Thanks for reporting your findings. A complication in this case is that Rockstor’s reporting of the problem state has a very recent bug in it, the %d should be changed to %s:

github.com

rockstor/rockstor-core/blob/master/src/rockstor/storageadmin/views/pool_scrub.py#L87


      
          
          with self._handle_exception(request):
              ps = self._scrub_status(pool)
              if command == "status":
                  return Response(PoolScrubSerializer(ps).data)
              force = request.data.get("force", False)
              if PoolScrub.objects.filter(
                  pool=pool, status__regex=r"(started|running)"
              ).exists():
                  if force:
                      p = PoolScrub.objects.filter(
                          pool=pool, status__regex=r"(started|running)"
                      ).order_by("-id")[0]
                      p.status = "terminated"
                      p.save()
                  else:
                      e_msg = (
                          "A Scrub process is already running for "
                          "pool ({}). If you really want to kill it "
                          "and start a new scrub, use the force "
                          "option."

An issue has been opened for this message formatting bug:

github.com/rockstor/rockstor-core

fix scrub in progress message format regression

opened 11:29AM - 29 Jul 17 UTC

closed 01:22PM - 08 Sep 17 UTC

phillxnet

bug

Thanks to forum member Christian_Rost in the following forum thread for reportin…g this issue. When a scrub operation is, or is assumed to be, in progress, and another scrub task is requested via the UI. The message presented to the user should contain the pid of the pool. As this pid is presented in Unicode but is decoded via %d the user error message becomes a programmatic error message: File "/opt/rockstor/src/rockstor/storageadmin/views/pool_scrub.py", line 88, in post 'and start a new scrub, use force option' % pid) TypeError: %d format: a number is required, not unicode We can for the time being (prior to improving our general formatting of such things via .format) address this by casting to string rather than decimal, even though the pool id (pid) is a decimal. This at least will fix the observed formatting exception. Please update the following forum thread with this issue resolution: https://forum.rockstor.com/t/scrub-wont-start-unfinished-job-in-history-table/3588

and a pull request to address it is awaiting review:

If you fancy trialing the ‘fix’ at least for the message formatting part of this then you simply need to change:
%d
to
%s
in the above highlighted line. Then a reboot, or Rockstor service restart, should yield the full message.
No worries if you are not game to edit that file on your installation (it’s a risky thing and not advised unless you are game and happy for this system to become unusable as a consequence(unlikely) and are also happy editing on the command line). We have nano pre-installed if you are game though.

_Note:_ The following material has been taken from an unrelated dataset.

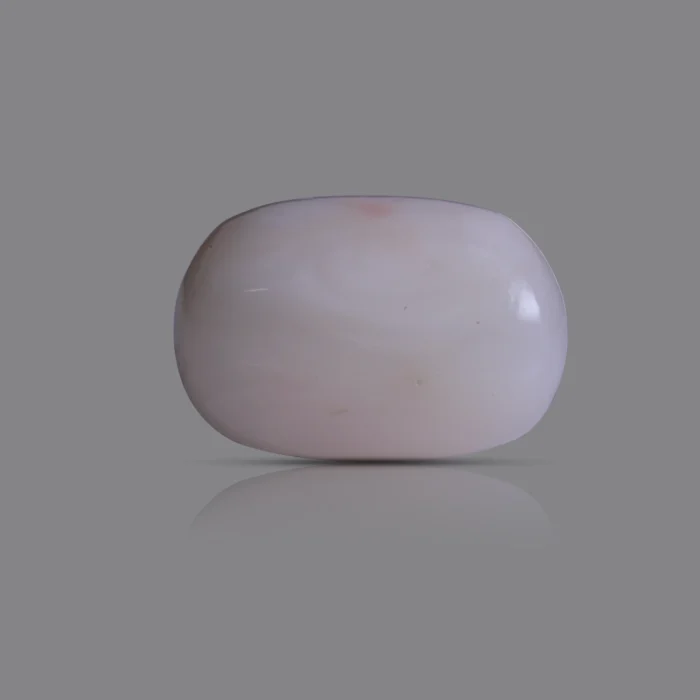 Natural Moonga Stone 11.30 Ct | Certified White Coral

The installed version of this file is in:
/opt/rockstor/src/rockstor/storageadmin/views/pool_scrub.py

To your point: the message should read:

A Scrub process is already running for pool (a-number-here). If you really want
to kill it and start a new scrub, use force option

So you could try ticking the force option that is presented just prior to starting the scrub.

As a curiosity you could also check the state of play scrub wise via the command line:

btrfs scrub status /mnt2/pool-name

Hope that helps and don’t worry about doing that edit unless you are game as all it will do is fix the message formatting bug; but you may be interested in dabbling and the info is presented in that light.

Hope that helps.

Christian_Rost · July 29, 2017, 1:13pm

Thanks, Phil!

I were not precise enough. The error occurs even when running with ‘force’ flag.
A scrub is running for some time now by command line. My question in terms how to start a scrub was meant by using the GUI.

I’ll give editing the source a shot without starting a vim over nano discussion Might take some time since I’ll be AFK for a few hours, but I’ll feed back.

Best regards,

Christian

Christian_Rost · July 30, 2017, 9:54am

Sorry, but editing the source file just like you mentioned just comes up with another error:

        Traceback (most recent call last):
File “/opt/rockstor/eggs/gunicorn-0.16.1-py2.7.egg/gunicorn/workers/sync.py”, line 34, in run
client, addr = self.socket.accept()
File “/usr/lib64/python2.7/socket.py”, line 202, in accept
sock, addr = self._sock.accept()
error: [Errno 11] Resource temporarily unavailable

This error shows, no matter if I check force option or not.
My manually started scrub finished successfully after about 4.5h and there is nothing running ATM. So there should definitely be no reason for scrub to not start even without force option.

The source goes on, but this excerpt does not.